What the task requires: With the pictures left out, repeat every entry that follows exactly.

╭─ Material supplied

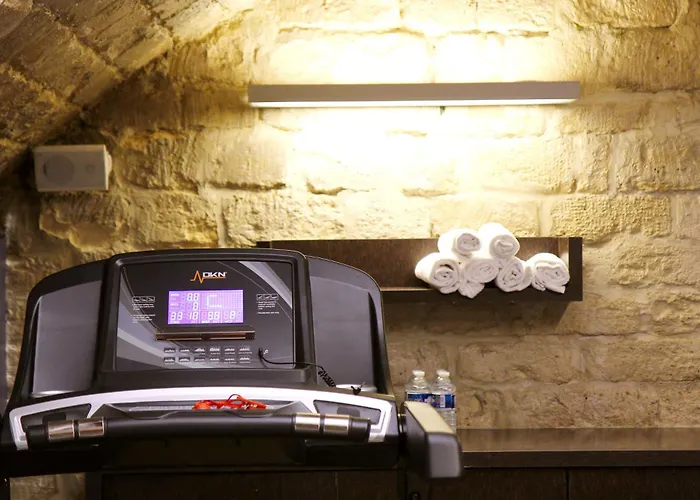 Litteraire Arthur Rimbaud, Bw Signature Collection 4* Paris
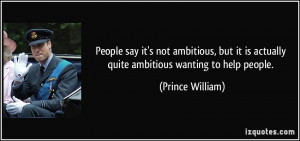 Quotes About Being Ambitious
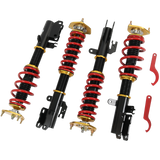 JDMSPEED Adjustable Coilovers Suspension Struts lowering Kit For ES300 LEXUS 1997-2001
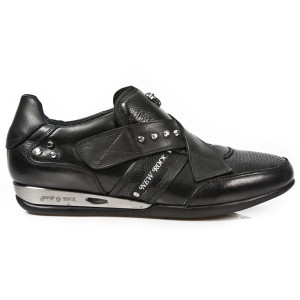  M.HY003-C3 NOMADA NEGRO ANTIK E ITALI NEGRO HYBRID ACERO - 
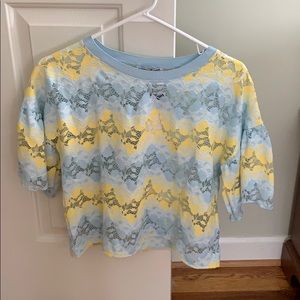 Zara Lace Top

╰─

Worked solution:
 Litteraire Arthur Rimbaud, Bw Signature Collection 4* Paris
 Quotes About Being Ambitious
 JDMSPEED Adjustable Coilovers Suspension Struts lowering Kit For ES300 LEXUS 1997-2001
  M.HY003-C3 NOMADA NEGRO ANTIK E ITALI NEGRO HYBRID ACERO - 
 Zara Lace Top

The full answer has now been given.